What needs to be done
Make an exact copy of all the data, pictures excluded.

Data

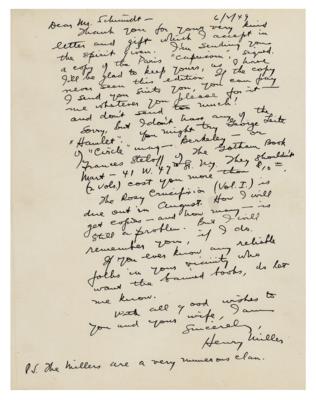 Lot #460 Henry Miller Autograph Letter Signed on Banned Books - Image 1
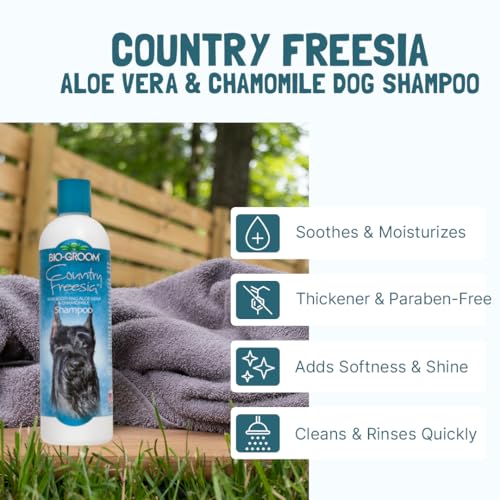 Image of Bio-Groom Country Freesia Dog Shampoo - Natural Scent Pet Shampoo, Aloe Vera, Chamomile, Cat & Dog Bathing Supplies, Puppy Wash, Cruelty-Free, Made in USA, Quick Rinse Cat Shampoo - 12 fl oz 1-Pack | Pet Shampoo, Aloe Vera, Chamomile, Cat & Dog Bathing Supplies, Puppy Wash, Cruelty-Free, Made in USA, Quick Rinse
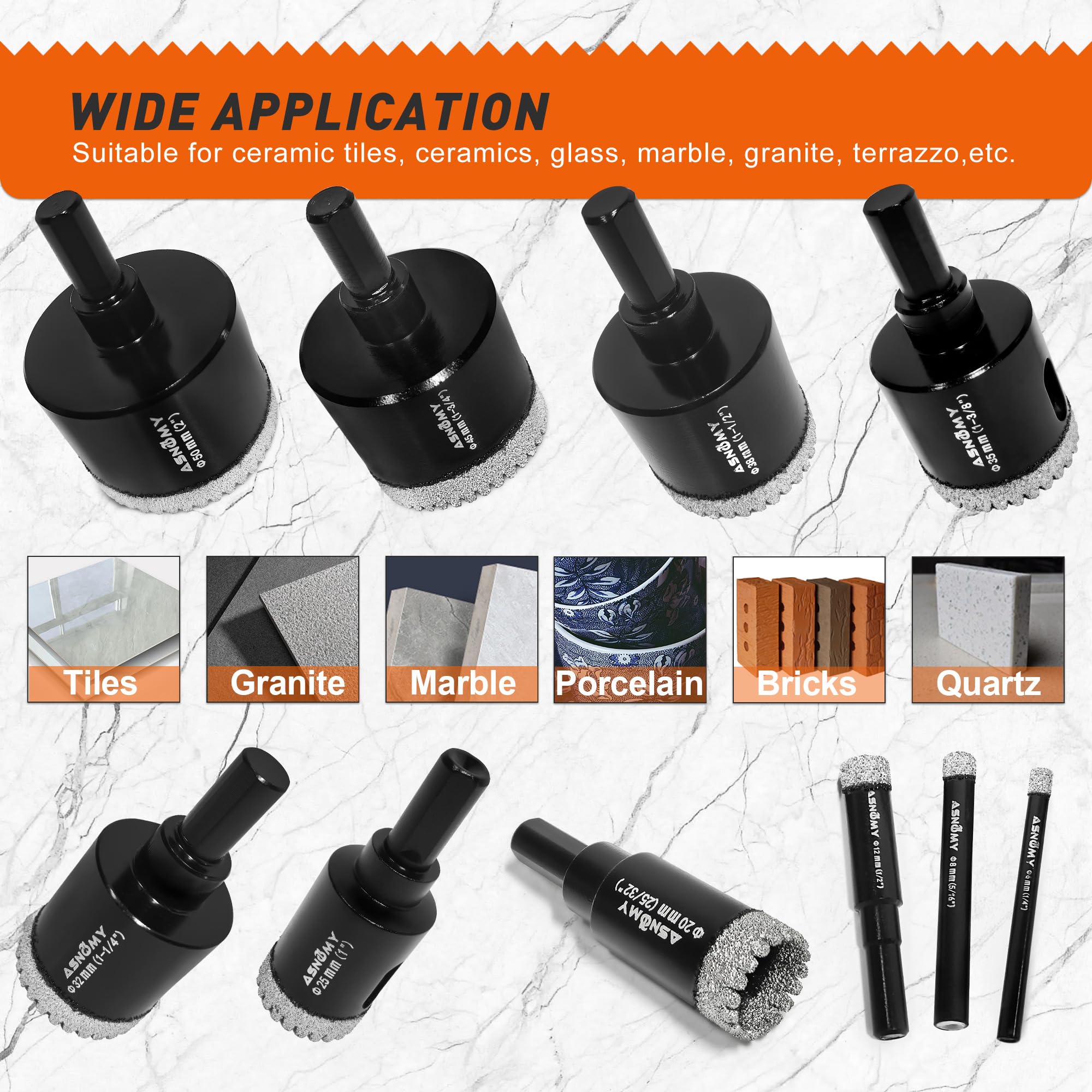 Asnomy 1-1/2 inch hole saw kit includes EVA guide for accuracy.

Result for this task
 Lot #460 Henry Miller Autograph Letter Signed on Banned Books - Image 1
 Image of Bio-Groom Country Freesia Dog Shampoo - Natural Scent Pet Shampoo, Aloe Vera, Chamomile, Cat & Dog Bathing Supplies, Puppy Wash, Cruelty-Free, Made in USA, Quick Rinse Cat Shampoo - 12 fl oz 1-Pack | Pet Shampoo, Aloe Vera, Chamomile, Cat & Dog Bathing Supplies, Puppy Wash, Cruelty-Free, Made in USA, Quick Rinse
 Asnomy 1-1/2 inch hole saw kit includes EVA guide for accuracy.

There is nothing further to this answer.